The Pakistani government has defended its actions, asserting that Afghans residing in the country have been involved in militant attacks, and criminal activities, and pose a threat to Pakistan’s internal security.

Despite calls from the United Nations, human rights groups, and Western countries to reconsider the expulsion policy, Pakistan has remained resolute in its stance.

According to a report by Reuters, over 24,000 Afghans crossed into Afghanistan using the Torkham border crossing, located at the northwestern end of the historic Khyber Pass, on the road connecting Peshawar in Pakistan and Jalalabad in Afghanistan on Wednesday alone.

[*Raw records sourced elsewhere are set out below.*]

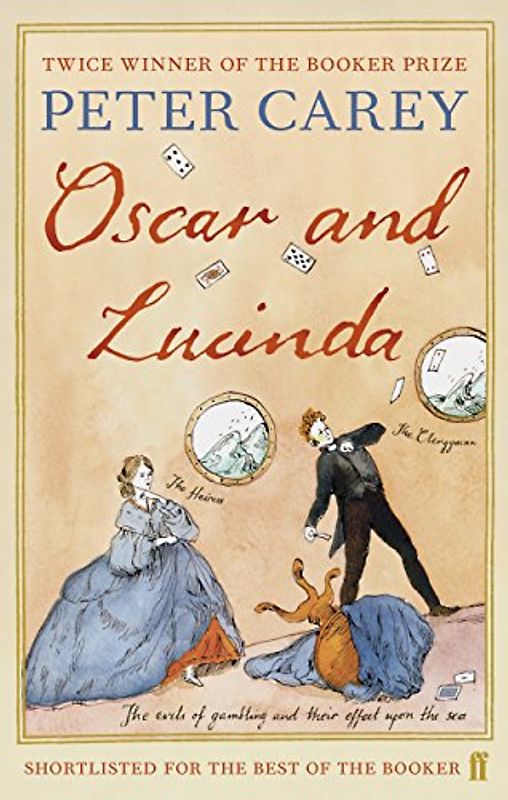Oscar and Lucinda - Carey, Peter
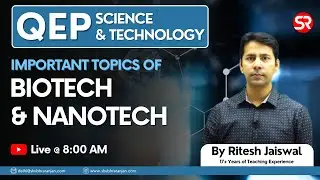 Live | Important Topics of Biotech & Nanotech | Sci & Tech | Prelims (QEP) Crash Course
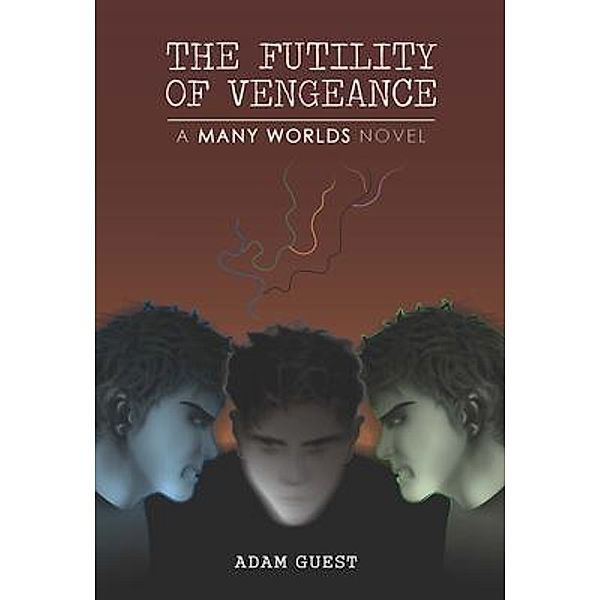 The Futility Of Vengeance / A Many Worlds Novel, Adam Guest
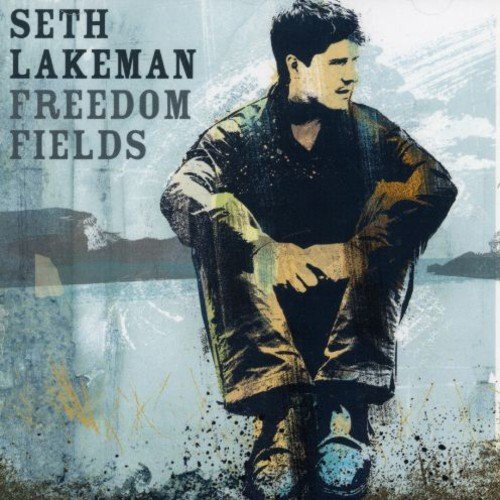 Freedom Fields -Lakeman, Seth CD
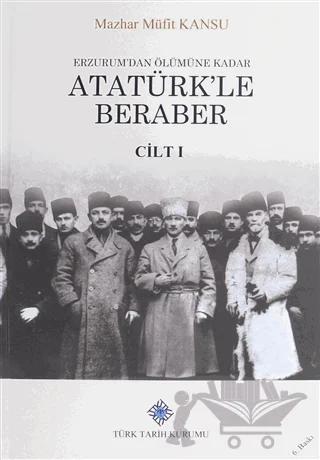 Erzurum’dan Ölümüne Kadar Atatürk’le Beraber (2 Kitap Takım)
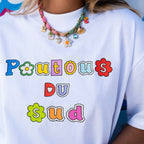 T-SHIRT POUTOUS DU SUD WHITE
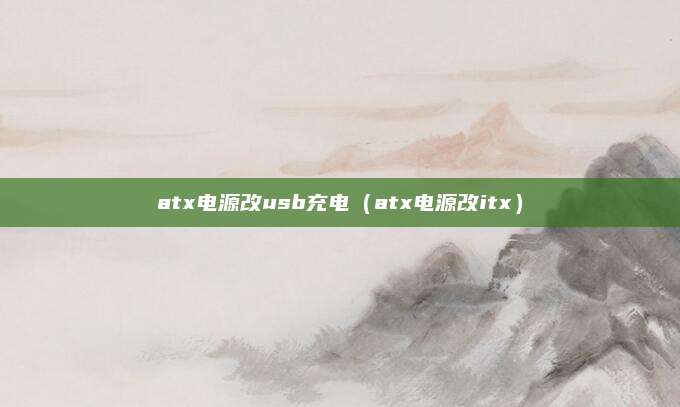 atx电源改usb充电(atx电源改itx)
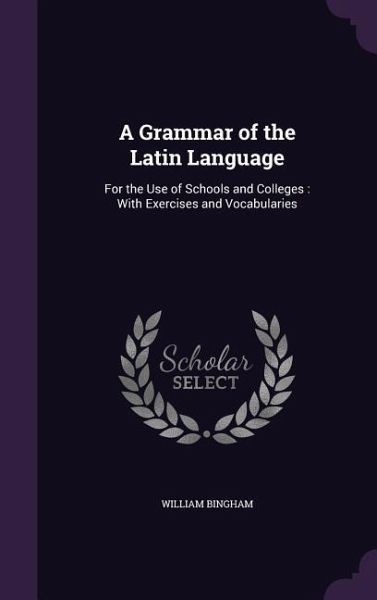 A Grammar of the Latin Language A Grammar of the Latin Language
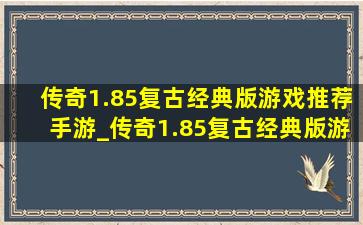 传奇1.85复古经典版游戏推荐手游_传奇1.85复古经典版游戏推荐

Notably, Pakistan has restricted media access to the Torkham crossing since Tuesday.

Authorities have been working tirelessly, with a camp established near the crossing to facilitate the process.

An estimated 128,000 Afghans have already left via the border crossing since the Pakistani government issued its directive. Additional crossings are occurring at Chaman, situated in Pakistan’s southwestern province of Balochistan.

Origins of Pakistan’s Leave Order

On October 3, Pakistan’s Interior Ministry made a significant announcement, giving all migrants residing without legal status in the country 28 days to leave voluntarily or face deportation.

Caretaker Interior Minister Sarfraz Bugti emphasized that “all foreign nationals living illegally in the country have been given until November 1 to leave voluntarily or face deportation.”

Although the government asserted that the action was directed at all illegal migrants, it is well established that it is primarily targeting Afghan nationals.

The government cited a surge in terrorist attacks on Pakistani soil as the rationale behind this move. The Pakistani authorities claimed that 14 out of 24 suicide bombings in the nation this year were perpetrated by Afghan nationals.

Bugti stated that the Afghan nationals residing in Pakistan lacked the necessary legal documentation, with a total of 4.4 million Afghan refugees currently residing in Pakistan. He asserted, “These are not just opinions that we are attacked from within Afghanistan, and Afghan nationals are involved in attacks on us. We have evidence”.

Taliban called it “Inhumane”, “Unacceptable”

Taliban strongly condemned the Pakistani government’s actions and issued a stern warning, suggesting that they may take action if the expulsion of immigrants is not halted. Deputy Minister of Foreign Affairs of the Taliban administration, Shir Mohammad Abbas Stanikzai, stressed that the Pakistani government must reconsider its stance on expelling immigrants, as reported by Khaama Press.

Taliban spokesperson, Zabihullah Mujahid last month stated that “the behavior of Pakistan towards Afghan refugees is “unacceptable“. Afghan refugees are not involved in Pakistan’s security problems. As long as they leave Pakistan voluntarily, that country should tolerate them, but forced eviction will not be accepted”.

A decision to depart 1.73 million Afghan refugees from Pakistan has not only escalated tensions with Afghanistan but has also created another humanitarian crisis in an already war-torn and unstable region.